In that opinion, then-Chancellor Leo E. Strine, Jr. concluded that the business judgment rule would apply to controlling stockholder transactions if the following six conditions were satisfied: “(i) the controller conditions the procession of the transaction on the approval of both a special committee and a majority of the minority stockholders; (ii) the special committee is independent; (iii) the special committee is empowered to freely select its own advisors and to say no definitively; (iv) the special committee meets its duty of care; (v) the vote of the minority is informed; and (vi) there is no coercion of the minority.” In re MFW, 67 A.3d at 535.

As explained by Chancellor Strine, such a rule would “provide a strong incentive for controlling stockholders to accord minority investors the transactional structure that respected scholars believe will provide them the best protection.” In re MFW, 67 A.3d at 502-03. The court reasoned that those two protections in tandem are more valuable to stockholders than the more abstract benefits derived from a higher standard of review, because there is a “strong incentive [ ] created to give minority stockholders much broader access to the transactional structure that is most likely to effectively protect their interests …” and which “replicates the arm’s-length merger steps of the DGCL by ‘requir[ing] two independent approvals.’” Id. at 528 (quoting Cox Commc’ns, 879 A.2d at 618).

Moreover, for transactional planners, the rule provides “a basis to structure transactions from the beginning in a manner that, if properly implemented, qualifies for the business judgment rule, the benefit-to-cost ratio of litigation challenging controlling stockholders for investors in Delaware corporations will improve, as suits will not have settlement value simply because there is no feasible way for defendants to get them dismissed on the pleadings.” In re MFW, 67 A.3d at 504.

On appeal, the Delaware Supreme Court affirmed Chancellor Strine’s decision and approved the new standard. However, it modified the duty-of-care condition to require that the special committee meet its duty “in negotiating a fair price,” signaling that perhaps a more fact-intensive inquiry would be required to apply the business judgment standard to a controlling stockholder transaction. MFW, 88 A.3d at 645. That modification, and the much discussed Footnote 14 of the court’s opinion, led some commentators to suggest that the court intended for the MFW standard to be applied only after discovery. Id. at 645 n.14.

A subsequent Court of Chancery decision in ACP Master Ltd. v. Sprint Corp., lent further support to this theory when Vice Chancellor Laster indicated that Sprint had put forth the “strongest possible” case that it met MFW’s requirements by conditioning its transaction ab initio on special committee approval and a majority-of-the-minority vote, yet still denied Sprint’s motion to dismiss. C.A. No. 8508-VCL, trans. at 101 (Del. Ch. June 18, 2014).

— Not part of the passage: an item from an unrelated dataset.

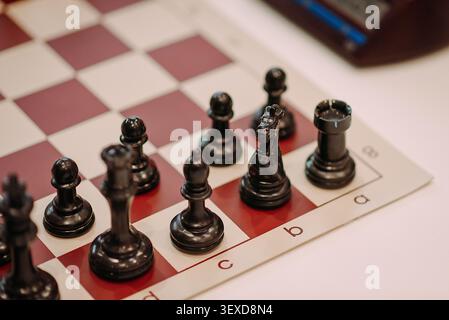 Schwarze Schachfiguren auf dem Schachbrett nähern sich selektiv Stockfoto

In denying Sprint’s motion, the court determined that, per the pleadings and making all inferences in the plaintiff’s favor, the majority-of-the-minority vote (which passed by a large margin) was a “mixed bag” that could have been coerced, thus negating the objectives of MFW. Id. at 102-04. Specifically, among other things, the plaintiff alleged or the court inferred that the transaction at issue did not offer a large premium because the preannouncement value of the transferred assets was depressed; that certain investors’ incentives were misaligned prior to the vote; and that the majority tainted the vote by threatening “significant dilution to the minority stockholders if they rejected the merger.” Id. at 103-04. Nonetheless, the court noted that the parties could revisit the MFW analysis on summary judgment, and that if the facts indicated that no coercion existed with regard to the vote, MFW would apply. Id. at 109.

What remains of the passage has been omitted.